98.9.16放送

「五月闇」


Key Word : 過去の重み




火付盗賊改方の腕利き密偵伊三次と、岡場所の女およね。およね自身が盗賊改メの手伝いをしたこともあり、長谷川平蔵の媒酌で夫婦になるのを勧められたほどの仲である。

このおよねのいる岡場所に、同じ「いささん」が遊びに現れた。胸に長い傷があるこの男は、実は伊三次とは旧知であり、2人の間には過去があった。
男を急ぎばたらきの兇賊と知る伊三次は平蔵にこの事を報告するが、過去まで全て語ることはできない。

歯切れの悪い伊三次に全権を委任する平蔵。
困惑する伊三次。
そして事は急展開する。

鬼平に何度か出てくるフレーズがある。

女という生きものは、
過去(むかし)もなく、将来(ゆくすえ)もなく、
現在(いま)があるのみだ
逆に言えば男には、現在だけでなく将来や過去があるということ。過去を引きずってしまった伊三次は、自分の過去を支えきれずに命を落とす。

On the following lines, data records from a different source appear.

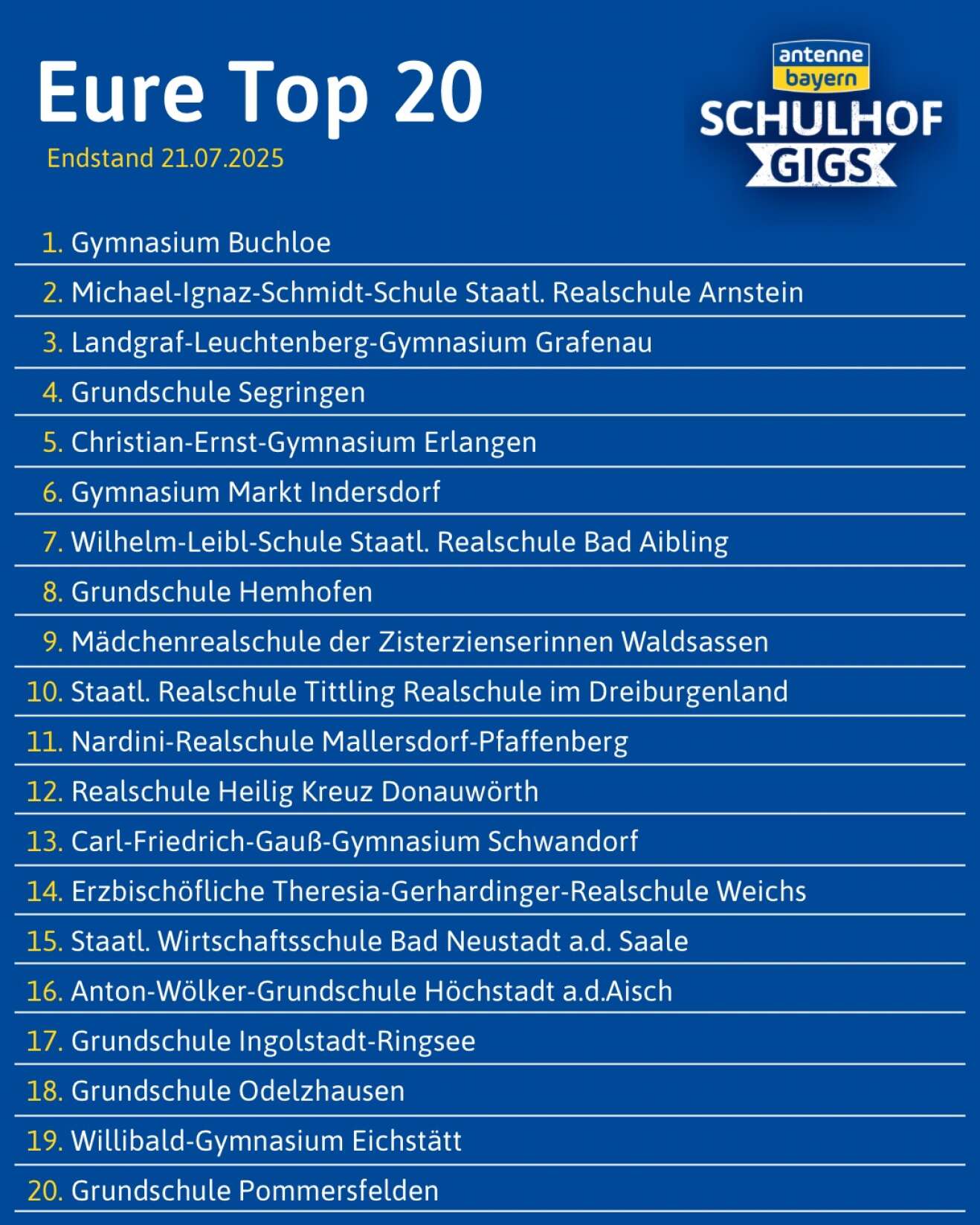 ANTENNE BAYERN Schulhof-Gig Voting Endstand 21.7.25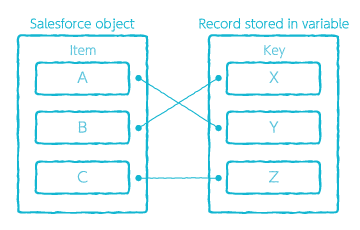 Data mapping overview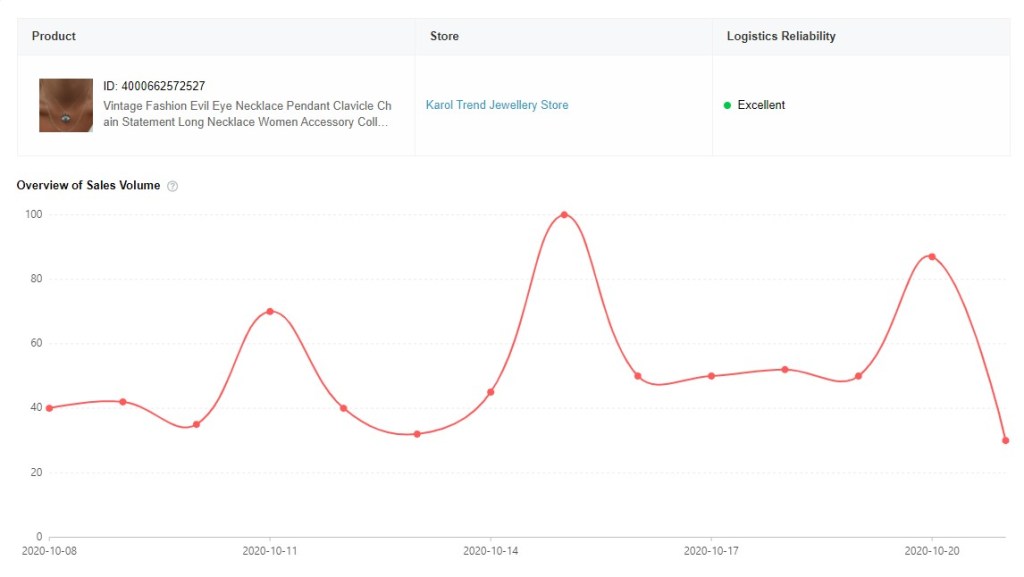 Evil Eye necklace statistics in AliExpress Dropshipping Center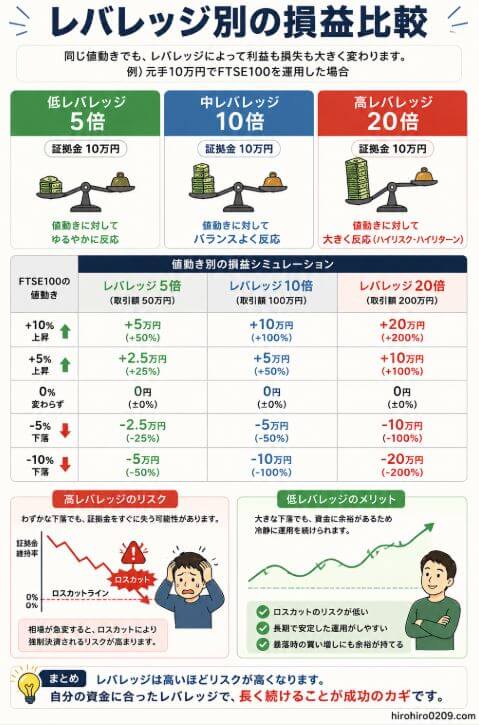 レバレッジ別の損益比較を解説した図解。FTSE100のCFDを例に、5倍・10倍・20倍のレバレッジで運用した場合の利益と損失の違いを比較している。市場が上昇した場合はレバレッジが高いほど利益が大きくなる一方、下落した場合は損失も同じ倍率で拡大することを表で解説。高レバレッジではロスカットのリスクが高まり、低レバレッジでは暴落時にも運用を継続しやすいことをイラスト付きで示している。長期運用では資金管理に見合ったレバレッジ設定が重要であることを解説したCFD投資の図解。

この一件が終わり、伊三次の枕頭に詰め切ろうとする平蔵。あの平蔵だ。文章中に一言も書かれていないのだが、こうなることは推測できたに違いない。伊三次を救う手だてを思いつけなかった平蔵。そして平蔵はこの後の事件にて伊三次の名を呼び、また深く心を痛めることになるのだ。

さて、うさぎこと木村忠吾とこの伊三次は、歳も近く大の仲良しであった。忠吾は平蔵の許しを得て、伊三次を自分の菩提所へ葬り、何度か足を運んでいる。